Thursday June 20, 2013
I am sure we have all been shocked by the recent revelations about the UK Care Quality Commission – a cover up has been alleged over a damning report into baby deaths being deleted. Those involved have today been named and one name is that of the media manager.
What is particularly upsetting is that the CQC is a body that many of us rely on when making important decisions about care. My father spent his last years in a home and we had relied heavily on CQC reports when short listing potential places for him. (Although the home we chose was selected on recommendation.) Would I rely on their guidance again? No. Would I rely on recommendations from friends and family? Yes.
When we teach PR and the way that it is evolving, we often talk about new models of authority and there is an assumption that this is being driven by social media. Actually, it is also being driven by the traditional models of authority themselves who time and again show they can’t be trusted. Social media simply makes that more visible and gives us new ways to network with people that we believe we can trust.

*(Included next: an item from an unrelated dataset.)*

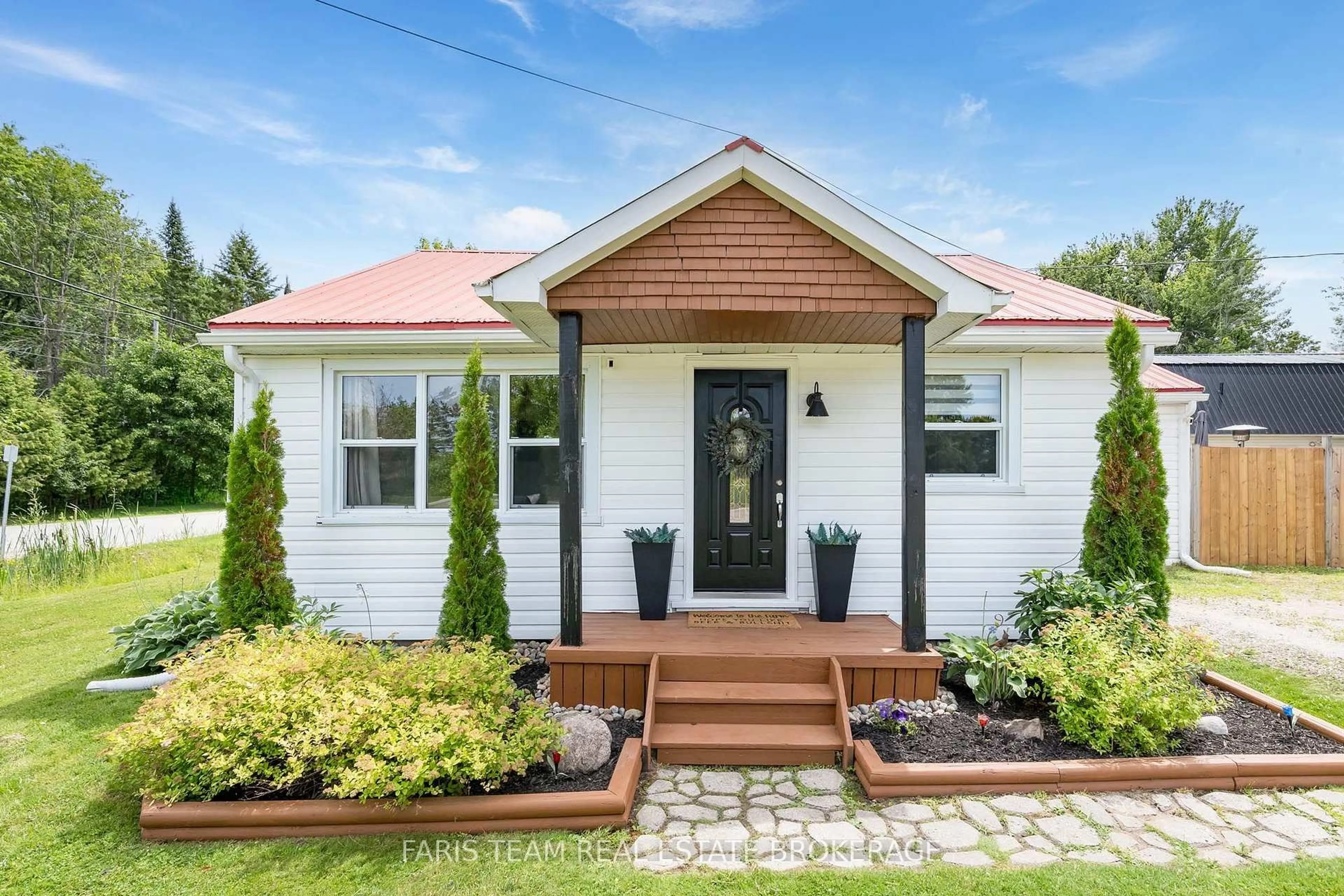 Home with brick exterior material, street for 2721 Cumberland Rd, Severn Ontario L3V 6H3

Take Leveson. The eventual answer to the problems the enquiry exposed was to create a chartered body. In the recent PR Week debate about the reputation of PR, Peter Walker, Pielle Consulting senior consultant, said of the CIPR: "Does it really take seriously its role as the arbiter of professional practice standards as a chartered body? Government sees a royal charter-based body as the answer to Leveson but is the Privy Council equipped to regulate the bodies it endows with a royal charter?”

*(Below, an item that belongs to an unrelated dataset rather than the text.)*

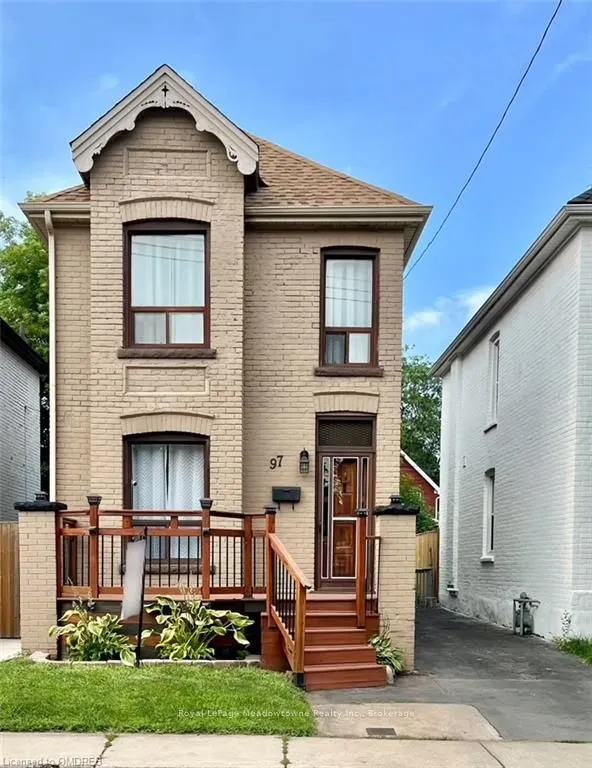 97 FRANCIS St, Hamilton, ON L8L 3V4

I had asked myself the same question a while back, so had rung the Privy Council to ask how chartered bodies are held to account – what do you do if you believe that an organisation is in breach of its charter, where is the mechanism to raise a concern? Now admittedly, I only talked to the chap who answered the phone but he seemed pretty knowledgeable. Basically he said that there was none. And their website is pretty silent on the subject. So who governs the governors?
Governance is a bit of a dull and worthy word. But without it conflicts of interest are rife (see my recent blog on that topic) and just look at how an absence destroys trust and with it reputation.